Reputation: 195
I want to work with PDF files, specially with tables. I code this
import pandas as pd
import numpy as np
import tabula
from tabula import read_pdf
tab= tabula.read_pdf('..\PDFs\Ala.pdf',encoding='latin-1', pages ='all')
tab
But I get a list of values, like this:
[ Nombres Edad Ciudad
0 Noelia 20 Lima
1 Michelie 45 Lima
2 Ximena 18 Lima
3 Miguel 43 Lima]
I cannot analyze it die it's not a data frame. This is just an example the real PDF file contains tables between texts and several pages
So, please could someone help me with this issue?
Upvotes: 5
Views: 8171
Reputation: 178
tabula returns a list of Pandas DataFrame.

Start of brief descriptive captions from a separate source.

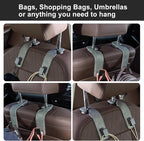 CoBak Headrest Hooks for Car - Universal Premium Stitched Leather and Aluminum-Magnesium Alloy Single Car Seat Back Storage Hook for Purses, Handbags, Bags (2 Pack),Gray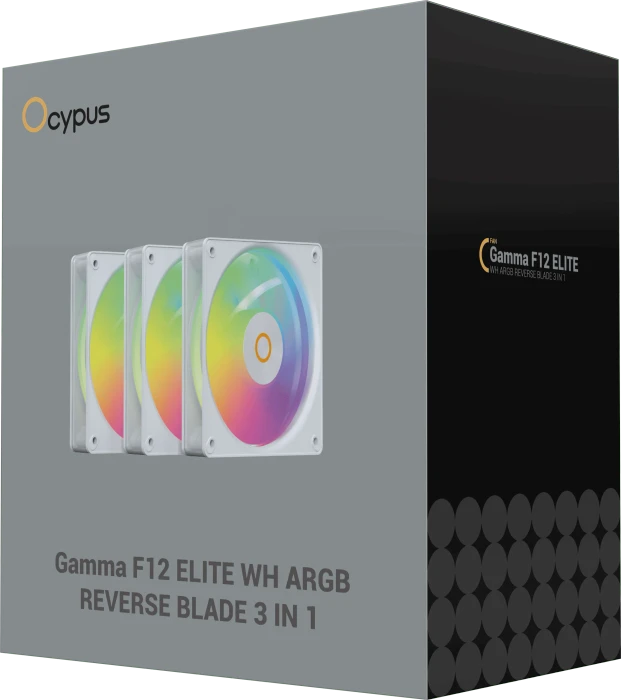 Ocypus Gamma F12 Elite WH ARGB Reverse Blade, weiß, 120mm, 3er-Pack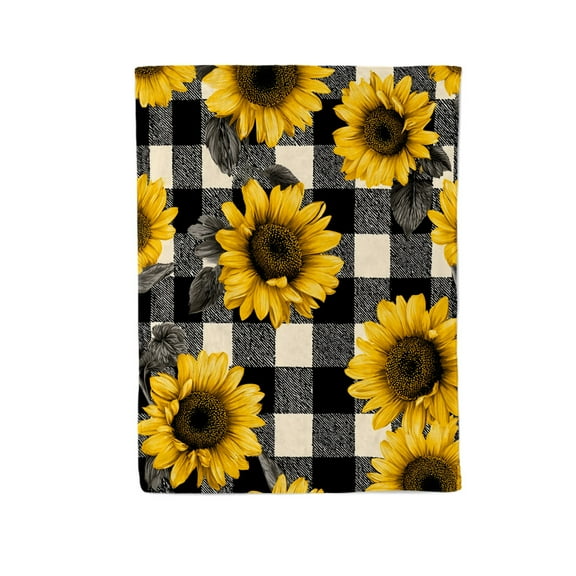Sunflowers on Checkered Quilt Flannel Throw Blanket - Ultra Soft & Cozy All-Season Couch Blanket, Bedspread, Travel Wrap - Gift-Ready Luxury for Home, Office & Outdoor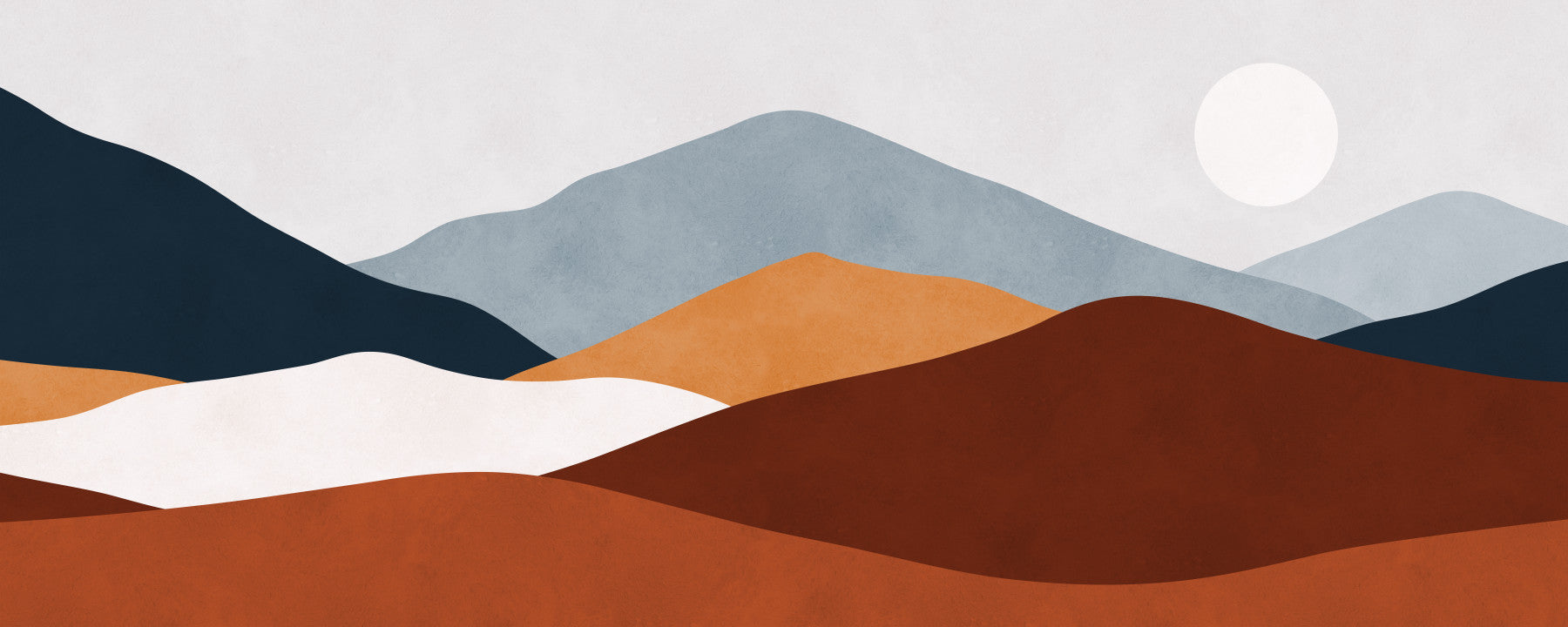 Minimalistisches Wandbild mit gemaltem Berg-Horizont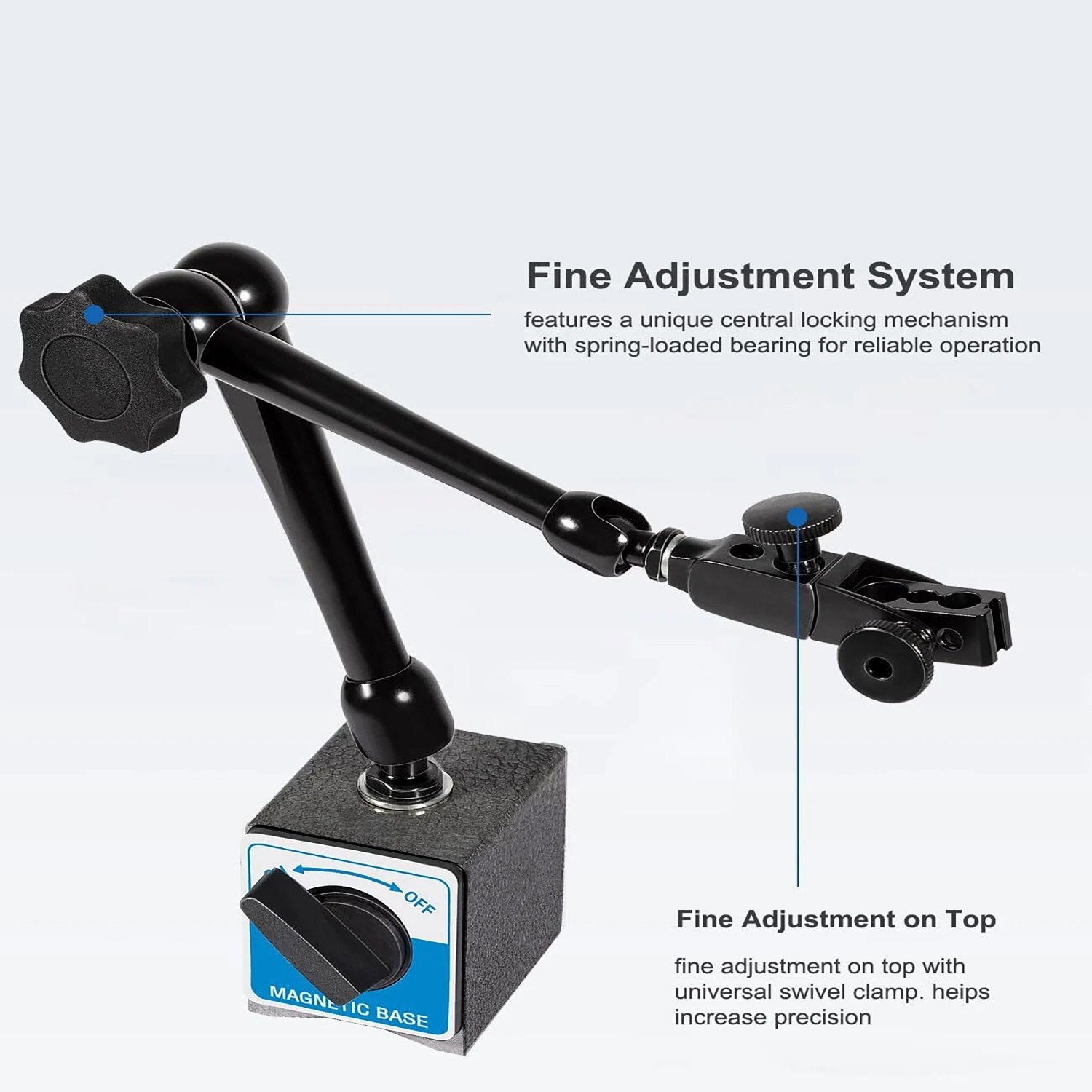 H-295 DG61003 Heavy Duty 176lb Magnetic Base for Noga Test Indicator Holder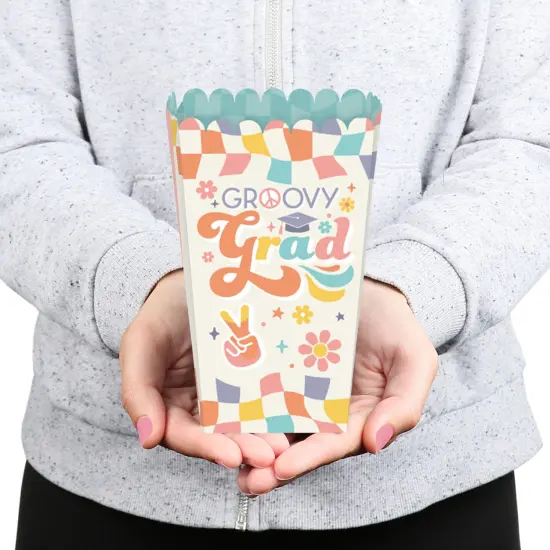 Big Dot of Happiness Groovy Grad - Hippie Graduation Party Favor Popcorn Treat Boxes - Set of 12 {6}
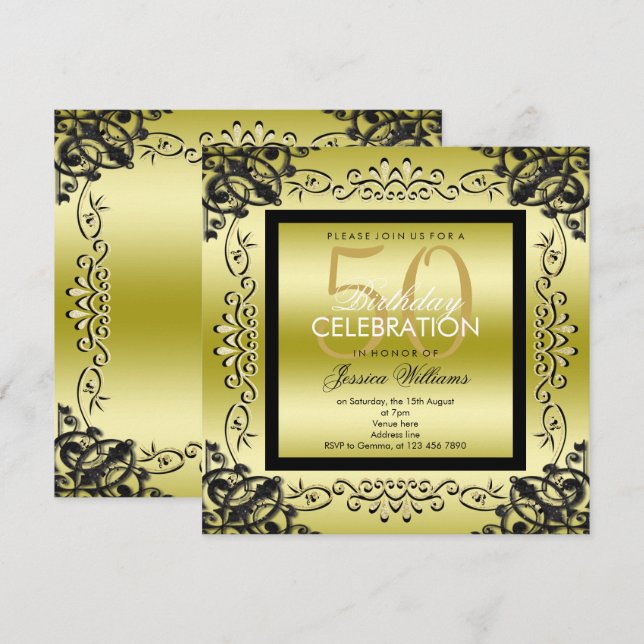 Invitación Oro elegante y cumpleaños de las mujeres negras el (Anverso / Reverso)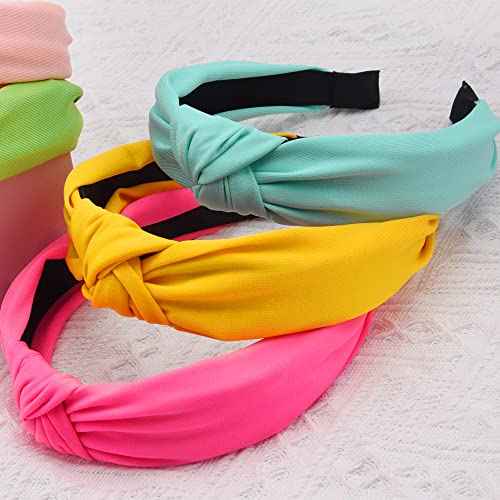 SIQUK 15 Pieces Top Knot Headbands for Women in 15 Colors, Cross Knot Headband, Wide Cloth Knot Headbands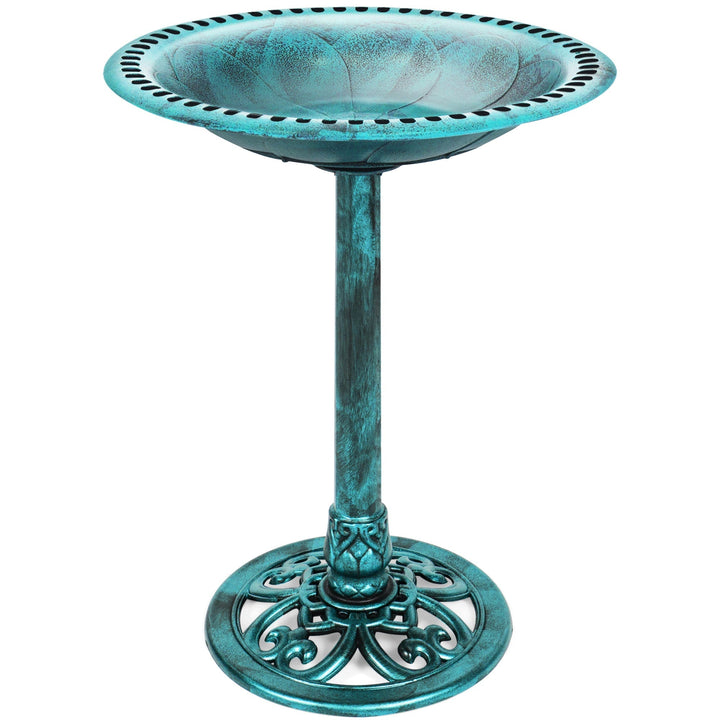 Lisslune | Birdbath for the garden with Fleur-de-Lis decoration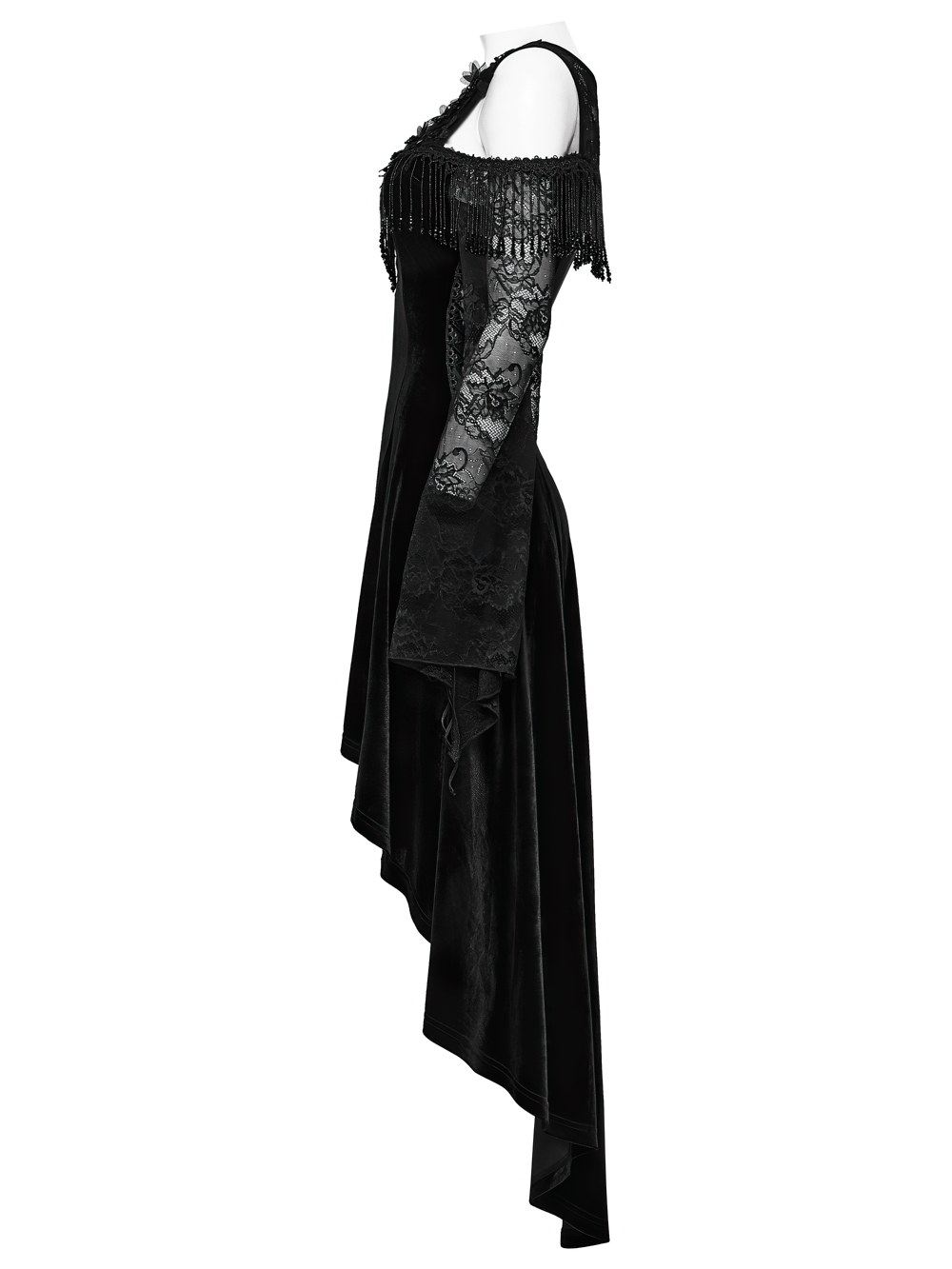 Elegant Black Gothic Velvet High-Low Dress with Lace Sleeves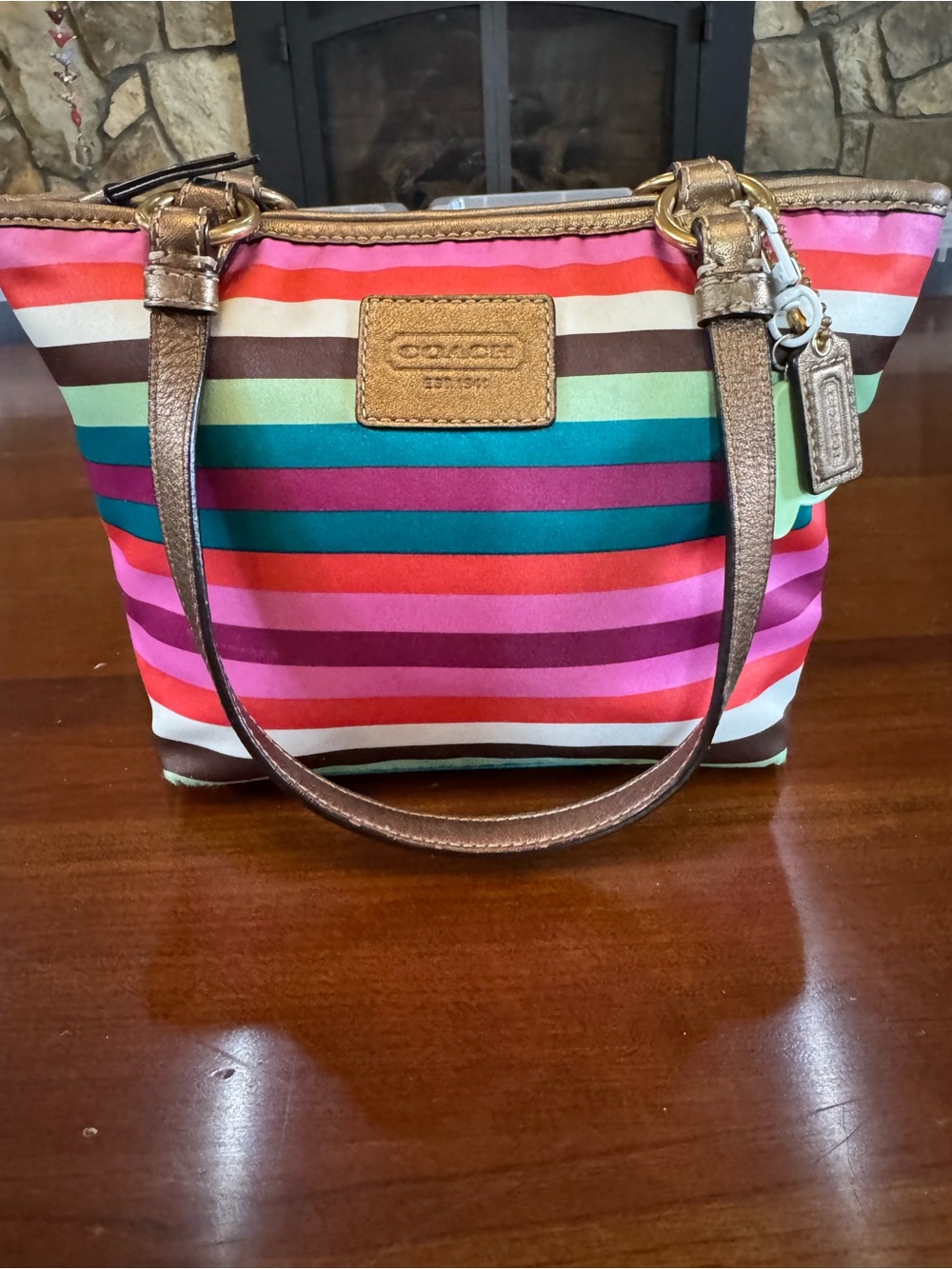 Coach Legacy Mini Tote Multicolor Stripe Y2K Satin Canvas Leather Trim Small Bag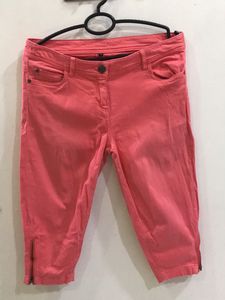Pinkish Orange 3/4th Short Jeans For Women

But we can convert this list to Pandas DataFrame using the below statement.
import tabula
import pandas
tab = pandas.DataFrame(tabula.read_pdf('..\PDFs\Ala.pdf', pages ='all')[0])
Upvotes: 1
Reputation: 46789
tabula
should return a list of Pandas dataframes, one for each table found in the PDF. You could display (and work with them) as follows:
import pandas as pd
import numpy as np
import tabula
from tabula import read_pdf
dfs = tabula.read_pdf('..\PDFs\Ala.pdf', encoding='latin-1', pages='all')
print(f"Found {len(dfs)} tables")
# display each of the dataframes
for df in dfs:
print(df.size)
print(df)
Upvotes: 5